Then create a SIEM rule that alerts on Service Name = MSSQLSvc/backup-sql.example.local:1433 in any 4769 event. The account is never used by anything legitimate, so every match is a true positive.

Step 6 — Harden service accounts

Detection is reactive; the hardening below removes the technique outright for any account it covers:

  • Force AES on service accounts. Set msDS-SupportedEncryptionTypes to 0x18 (AES128 + AES256). Tickets issued to those accounts will no longer be RC4 regardless of what the client requests.
  • Use Group Managed Service Accounts. A gMSA has a 240-character password that AD rotates automatically every 30 days. The password is never typed, never stored, and cannot be cracked at any practical speed.
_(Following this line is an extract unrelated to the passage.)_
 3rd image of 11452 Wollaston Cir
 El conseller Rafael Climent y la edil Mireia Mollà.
Migrate any service that supports gMSAs.
  • Long passwords on remaining accounts. For services that do not support gMSAs, set a 25+ character random password. RC4 cracking against a 25-character password is computationally infeasible regardless of GPU budget.
  • Remove unused SPNs. SPNs on accounts that no longer host the service are pure attack surface. Audit servicePrincipalName against actual running services annually.
# Set AES-only on a service account
Set-ADUser -Identity svc-sql-prod -Replace @{ 'msDS-SupportedEncryptionTypes' = 24 }

# List all SPNs in the domain for review
Get-ADUser -Filter * -Properties servicePrincipalName |
    Where-Object servicePrincipalName |
    Select-Object SamAccountName, @{N='SPNs'; E={ $_.servicePrincipalName -join '; ' }}

Frequently Asked Questions

Why does Event ID 4769 fire so often even in a quiet domain?
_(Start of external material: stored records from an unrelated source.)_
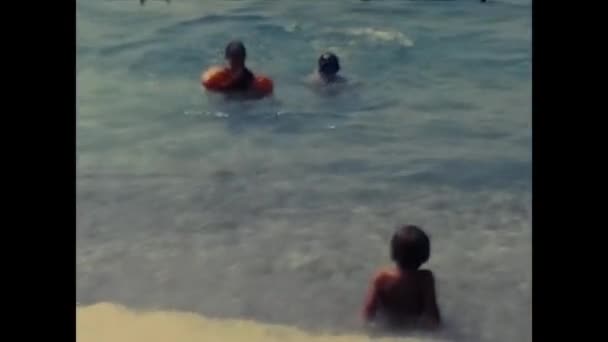 イタリア ナポリ1980年6月 80年代に海辺で遊ぶ子供たち — ストック動画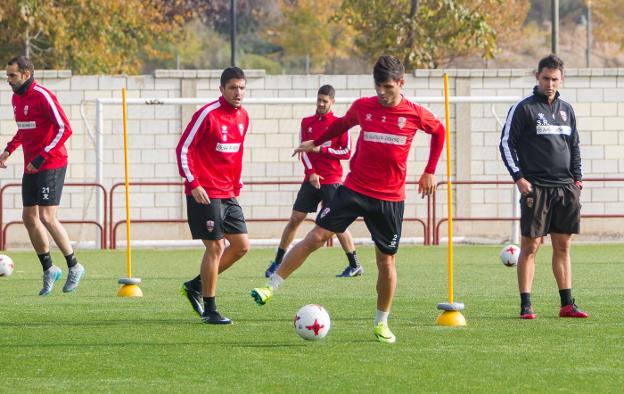 Sergio Rodríguez observa a Miguel Santos en la conducción del balón, durante un ejercicio en la sesión de ayer. :: fernando díaz
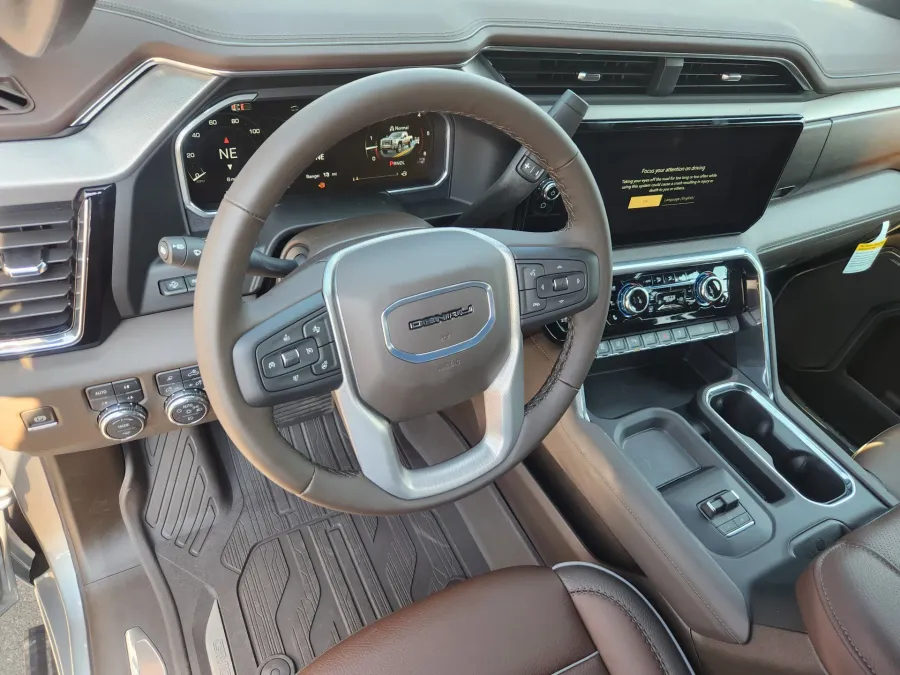 2026 GMC Sierra 2500HD Denali | Photo 7 of 31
4769 is the standard Kerberos service ticket flow — every domain client requests one for every service it talks to, then caches it for the ticket lifetime (10 hours by default). Outlook, file shares, SQL connections, RDP, and internal web apps all generate 4769s constantly. Volume is normal; the goal is filtering on encryption type and request shape, not on overall count.

Can I detect Kerberoasting without forwarding logs from every domain controller?
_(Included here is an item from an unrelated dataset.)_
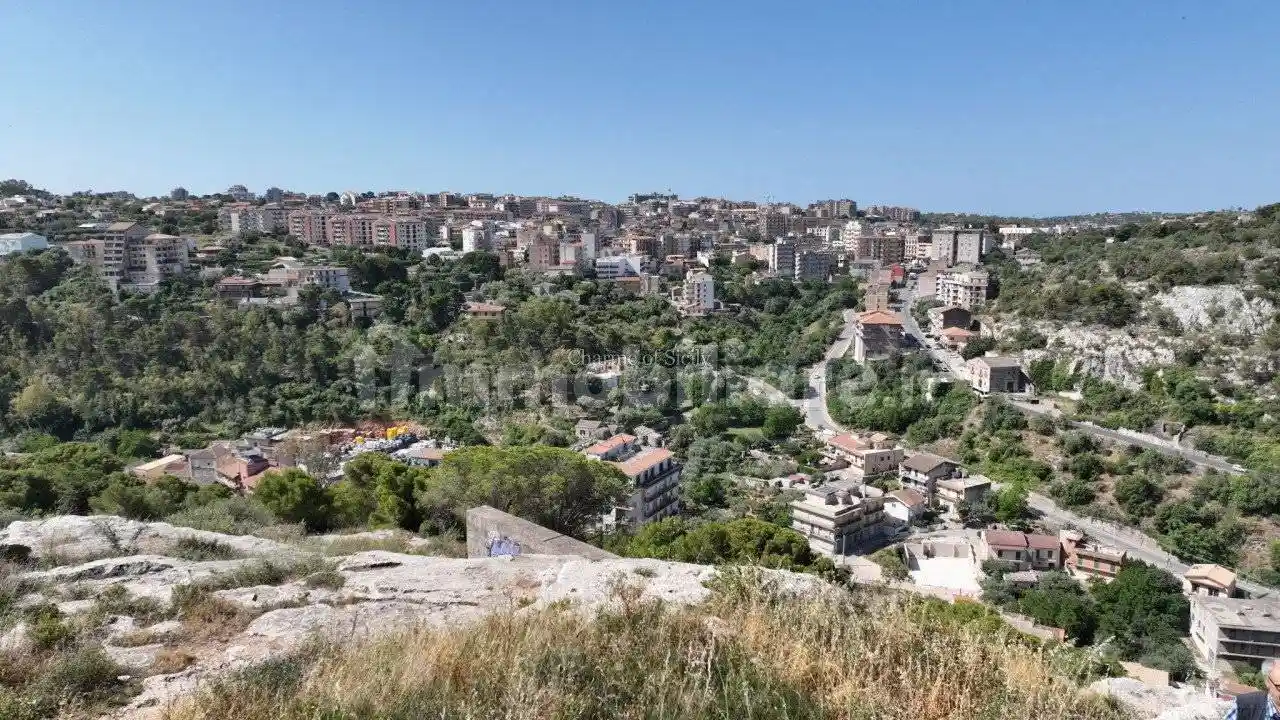 Casa indipendente in vendita a Modica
Not reliably. A client can request a service ticket from any DC the domain resolves; observing only one DC misses tickets issued by the others. For consistent coverage, forward the Security log from every DC to a single collector or SIEM and run detections against the merged stream.

What encryption type values should I expect in a healthy domain?

0x12 (AES256) is the modern default for tickets issued to AES-capable accounts. 0x11 (AES128) appears for older or differently configured accounts. 0x17 (RC4-HMAC) should be rare and should map to a known list of legacy accounts. 0x18 (RC4-HMAC-EXP) is exceptional and worth investigating wherever it shows up.

Do gMSAs eliminate Kerberoasting entirely?

For the accounts they cover, effectively yes. The 240-character random password is rotated automatically and cannot be brute-forced at any realistic speed. gMSAs do not retroactively protect accounts that still hold cracking-feasible passwords, so the migration is the work — the protection is automatic once it lands.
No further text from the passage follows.